デザイン制作の部署に中途社員が入ってくると、3ヶ月以内でやめてしまう。その後新しい中途社員が入ってきてもまた3ヶ月でやめちゃう。こうなると、今のデザイン制作の部署は何かを変えなければいけません。みなさんならどうしますか?

「問題の原因をつかんで解決すべきだ」と考えた方も多いと思います。その対応が解決につながれば良いと思います。しかし、副作用が出てしまうんです。今いるメンバーの雰囲気が悪くなります

実際にあった事例を見てみましょう。

ある会社で組織風土改善をするために外部モチベーションサーベイを導入しました。そのサーベイの結果を社内で共有したんですね。

すると、ある部門長は他部署とくらべて自分の部署が悪い結果だと気づいたんです。そして、その部門長はメンバーを集めて「この中に悪い評価をつけた奴がいる!」と怒っちゃったんです。そこから犯人さがしが始まりました。

モチベーション改善のためのサーベイ(問題さがし)が組織風土悪化につながってしまった不幸な事例です。

うまくいってなかったら何かを変えて経過を見て、うまくいっていることを探せばいいんです。そのうまくいっていることを増やしていくんですね。

3つの哲学を自分の仕事に当てはめてみよう

どうでしょうか。3つの哲学について共感できたでしょうか。共感できるような、できないような・・ですかね。ちょっと企業組織の文脈に寄せてみてみましょう。

3つの哲学をぼくなりに分かりやすく言うと、下記のような感じです。

哲学1.過剰な問題探しはほどほどに!

哲学2.既にあるチカラ(リソース)を探して活かそう!

哲学3.まだ問題があるなら何かを変えて良かったことを探してみよう!

みなさんは1〜3のどれに関心がありますか?関心がある哲学について少し自分の働き方と照らしてみてください。たとえばこんな感じで。

・普段は1の問題探しの割合が多いなあ。ミーティングで部下の話を聞いていても問題ばかり探している気がする…

・既にあるリソースかあ。あるとは思うけどすぐに出てこないなあ。ちょっと考えてみるか…

・慢性的な問題があるけど原因がわからないから手が打ててないなあ。でも何か変えてみて変化を観察してみればいいんだな。出来そうなことをやってみよう!

こんなふうに3つの哲学とみなさんの状況をつなげて考えてみると、気づくことがあると思います。

過剰な問題探しはほどほどに!

人によって常識が違うように、問題の基準が違います。ぼくは図書館でこの記事を書いているのですが、PCの打音が気になって注意する人がいます。彼は打音を問題としてます。でも他の人は気にしてないんですね。

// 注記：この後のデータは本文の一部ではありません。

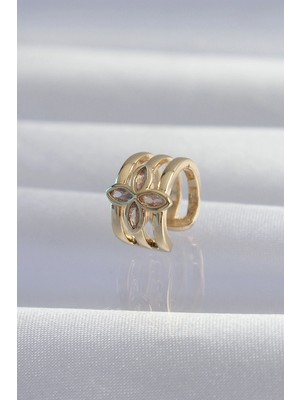 Bazarhane Pirinç Gold Renk Yonca Earcuff Küpe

みなさんの職場にもこの打音のようなケースはありませんか?ちょっと思い出してみてください。もしかしたら問題と思っていたことが、実は問題ではなかったと気づくことがあるかもしれません。

問題というのは、その事柄を「問題である」と決めた時に問題とされてしまいます。問題は人が決めることなんですね。

多くの問題を気にしていると頭のリソースが大事なことに振り向けられなくなります。悩み事が多いとIQが下がるという研究結果もあるようです。

ほら、そんなに問題を抱えこまないで少し降ろしましょ。過剰な問題さがしはほどほどに。